Tuesday, 16 December 2008

A recent review of Best in Show, an exhibition of graduate art curated by Pearce & Ramsay in the John Jones Project Space, brought together work by 18 graduates from art colleges around the country. It sparked a heated review in a-n magazine that raises some big questions… We’re interested to hear a wider opinion.

Do today’s fine art graduates have too many opportunities? Should all graduate art be confined to Bloomberg New Contemporaries? Are fine art students ‘running high on ambition and dry on imagination’?

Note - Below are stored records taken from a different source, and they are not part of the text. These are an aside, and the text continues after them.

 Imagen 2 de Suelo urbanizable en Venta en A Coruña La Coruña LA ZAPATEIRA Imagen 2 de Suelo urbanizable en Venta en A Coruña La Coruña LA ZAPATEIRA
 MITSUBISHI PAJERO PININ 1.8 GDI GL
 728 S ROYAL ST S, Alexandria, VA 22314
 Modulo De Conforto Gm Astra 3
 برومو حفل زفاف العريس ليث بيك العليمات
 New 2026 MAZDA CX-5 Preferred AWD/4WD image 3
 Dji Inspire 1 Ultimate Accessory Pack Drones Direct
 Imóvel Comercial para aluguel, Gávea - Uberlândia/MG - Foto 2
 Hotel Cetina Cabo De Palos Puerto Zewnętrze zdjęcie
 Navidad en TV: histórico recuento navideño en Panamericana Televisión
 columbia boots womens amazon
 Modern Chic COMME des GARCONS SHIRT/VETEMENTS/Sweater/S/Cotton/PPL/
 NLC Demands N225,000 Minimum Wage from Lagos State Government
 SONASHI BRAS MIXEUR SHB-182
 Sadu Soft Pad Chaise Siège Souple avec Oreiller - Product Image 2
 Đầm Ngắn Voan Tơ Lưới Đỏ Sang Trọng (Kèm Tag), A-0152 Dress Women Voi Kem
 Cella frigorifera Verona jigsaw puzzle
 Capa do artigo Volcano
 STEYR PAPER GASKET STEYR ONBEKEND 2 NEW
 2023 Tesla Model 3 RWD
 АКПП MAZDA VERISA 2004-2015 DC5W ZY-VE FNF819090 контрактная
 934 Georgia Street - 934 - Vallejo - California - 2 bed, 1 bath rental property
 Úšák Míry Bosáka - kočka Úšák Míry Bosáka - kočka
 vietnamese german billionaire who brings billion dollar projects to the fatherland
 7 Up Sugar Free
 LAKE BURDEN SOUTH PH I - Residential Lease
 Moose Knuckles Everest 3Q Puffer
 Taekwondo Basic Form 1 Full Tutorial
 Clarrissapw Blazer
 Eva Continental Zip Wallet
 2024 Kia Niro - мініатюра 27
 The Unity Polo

Matt Lippiatt thinks so. What’s your opinion?



Annie said...

Yes, undoubtedly there are too many of these surveys of recent graduates who are only grouped together by their educational level... it is a misconception to think that on leaving a BA artists are ready to be snapped up by one of the big C's Matt Lippiatt mentioned - perhaps turning into arrogant C's themselves along the way. You can't buy a career, recent graduates must be wary of the illusion of instant success - it takes time and hard work. Scrap the student shows! Kill off degree shows! No more opportunities for emerging (read: undeveloped) artists! Get rid of new contemporaries too!

South London said...

Although I agree that there are too many of these survey shows, recent graduates offering opportunities to other recent graduates should not be seen as a bad thing. Comments like 'No more opportunities for emerging(read: undeveloped) artists' as posted by Annie are totally unhelpful. Leaving art school can be a pretty lonely and discouraging experince,i know when i left i got no interest whatsoever, the last thing young artists who are trying to make a go of it need are people telling them they should hide in their studio until they've 'matured'....how are they supposed to get better if they don't exhibit and get critisim and feedback from the public and their peers. Survey shows in general should not be frowned upon simply because Bloomberg New Contemporaries exists. I also dont agree with Matt Lippiatt's comment that the degree show is enough, firstly graduates are often unhappy with the institutional constraints of their degree show and want to show their work in a new context. Also a good deal of the work shown in some survey shows is new work which gradutes have been motivated to make with the prospect of an upcoming exhibtion. They also provide much needed experience to artists and encourage them to continue and build networks with other artists in a similar situation to themselves. Taking part in a survey show straight after college doesnt mean you think you can 'buy a career' it just means you want to exhibit the work youve spent three years labouring over....and isnt that the point anyway?

Annie said...

sure, leaving art school is lonely and difficult... no, sitting in the studio waiting to mature sure isn't going to help - but organizing artists by age isn't going to either. where is the criticism on these shows? do they get any write up anywhere?